18.9.12

Kembali

"Hai," kalimat itu menggantung di kerongkonganku, terlontar lirih, tak berniat kulanjutkan.

Mata itu berpaling padaku yang terpaku di depan pintu. Sedetik kemudian disusulkannya senyum simpul dan sapaan, “Hai.”

Aku tak beranjak, kakiku kaku, mataku mulai panas.

“Apa kabar?” dia mengulurkan tangannya dan entah kapan dia bergerak mendekat. Yang kutahu dia di depanku kini, berjarak tak lebih dari 1 meter.

“Masuklah,” hanya ini yang bisa kulakukan, membalik badan, berjalan memunggunginya dan menyeka air di sudut mata.

Kami duduk berhadapan kini, di ruang tamu rumahku. Ya, dia datang, setelah lebih dari satu tahun kami tak bertemu, tak berkomunikasi.

Seperti ada pendingin yang dipasang di segala sudut, aku nyaris menggigil. Bergetar, entah karena apa. Ada nyeri yang membuat paru-paruku seperti kehabisan udara, aku nyaris tak bisa bernapas. Sesak, entah oleh apa.

“Apa kabar?” pertanyaan itu berulang, dia tersenyum.

“Baik. Kamu?”

“Baik juga. Aku rindu,” mata itu menatapku lembut.

Kulengkungkan senyum, tak peduli betapa tak karuannya senyum itu. Ini adalah satu-satunya cara untuk menahan nyeri, menahan desakan air mata, dan menjagaku otakku agar tetap waras. Ya, aku harus tetap waras untuk tak mengumbar rasaku untuknya.

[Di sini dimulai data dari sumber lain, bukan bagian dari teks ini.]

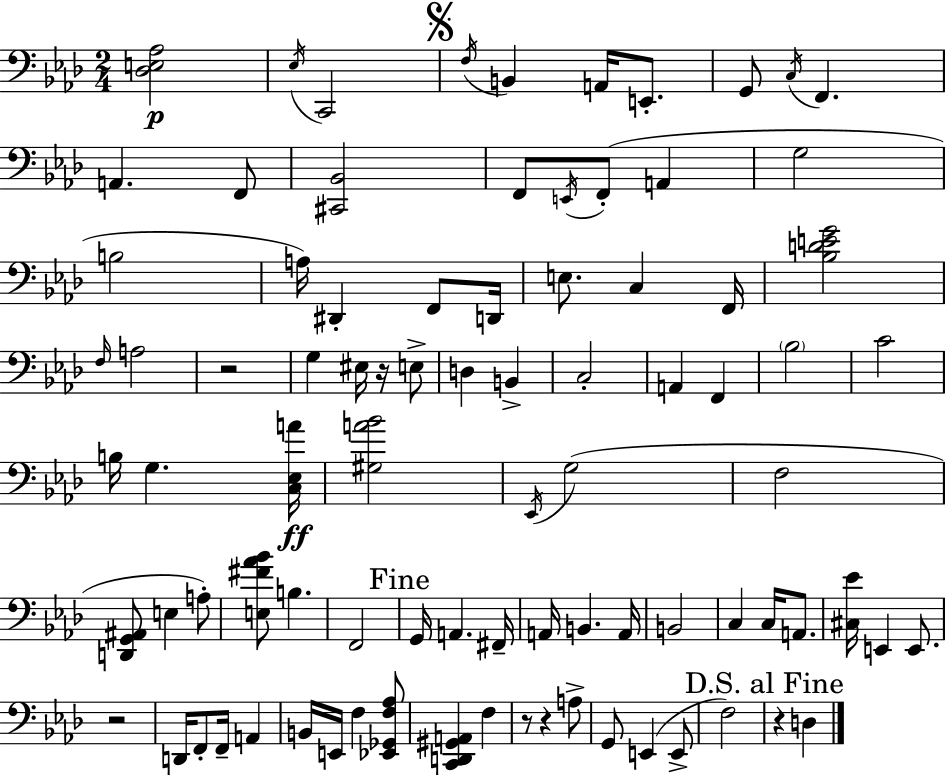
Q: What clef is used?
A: bass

“Kamu tak suka aku datang?”

Kutatap mata itu lekat-lekat, berharap bisa menemukan jawab atas pertanyaannya. Berharap tak harus mengaku jujur atas rasaku.

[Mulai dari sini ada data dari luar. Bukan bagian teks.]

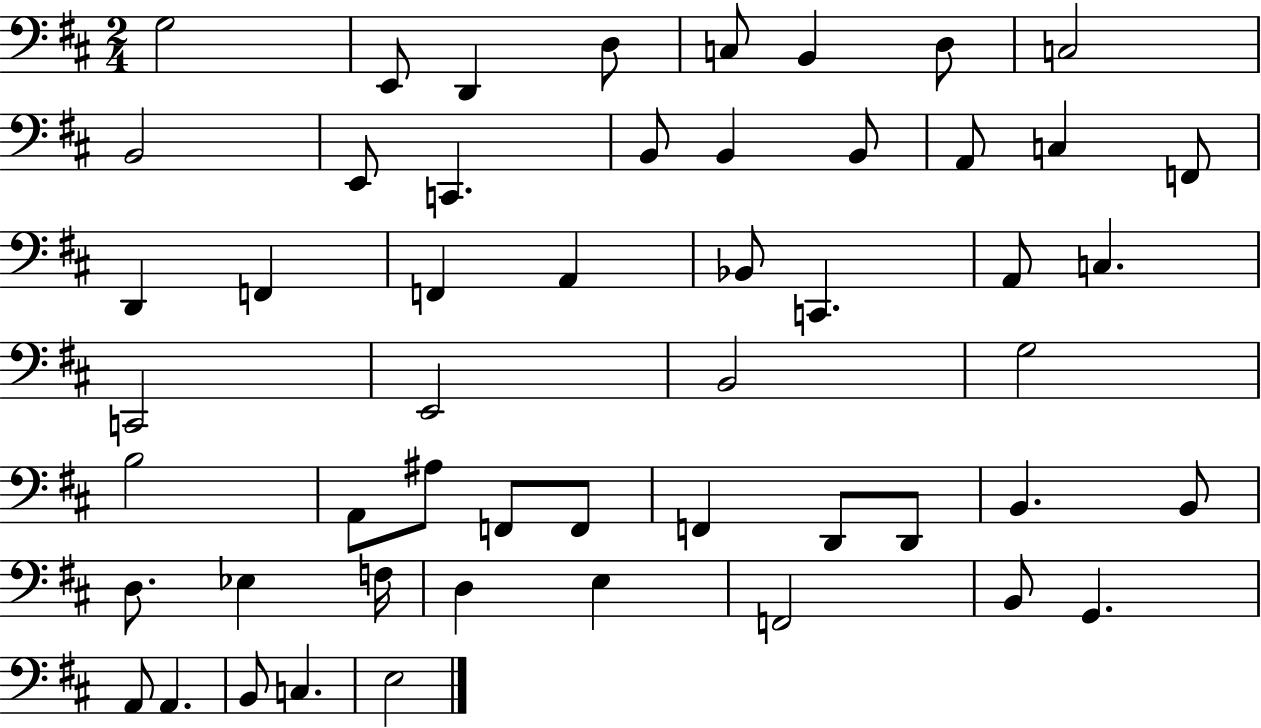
{
  \clef bass
  \numericTimeSignature
  \time 2/4
  \key d \major
  g2 | e,8 d,4 d8 | c8 b,4 d8 | c2 | \break b,2 | e,8 c,4. | b,8 b,4 b,8 | a,8 c4 f,8 | \break d,4 f,4 | f,4 a,4 | bes,8 c,4. | a,8 c4. | \break c,2 | e,2 | b,2 | g2 | \break b2 | a,8 ais8 f,8 f,8 | f,4 d,8 d,8 | b,4. b,8 | \break d8. ees4 f16 | d4 e4 | f,2 | b,8 g,4. | \break a,8 a,4. | b,8 c4. | e2 | \bar "|."
}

“Kaget aja,” kusisipkan tawa kecil.

“Aku tadi iseng-iseng pengen mampir. Beruntunglah aku, kamu ada di rumah.”

“Maaf, aku sama sekali tak terpikir kamu akan datang lagi ke rumah ini.”

“Aku selalu ingin datang ke sini, sama seperti aku selalu merindukanmu, tapi baru sekarang aku bisa.”

“Uumm.., kuambilkan minum dulu ya,” tak tunggu jawabannya.

Kutinggalkan dia. Aku hanya harus berlalu dari hadapannya untuk bisa bernapas lega, aku hanya perlu menata hatiku untuk bisa bersikap biasa saja padanya. Dulu, aku sendiri yang memintanya untuk menuruti titah ayahnya yang sedang sakit keras, untuk meninggalkanku. Sudah lebih dari setahun aku berusaha menerima kenyataan kami tak bisa bersama, selama itu pula aku terus berlari menjauh darinya. Berharap jarak bisa memudarkan rasa.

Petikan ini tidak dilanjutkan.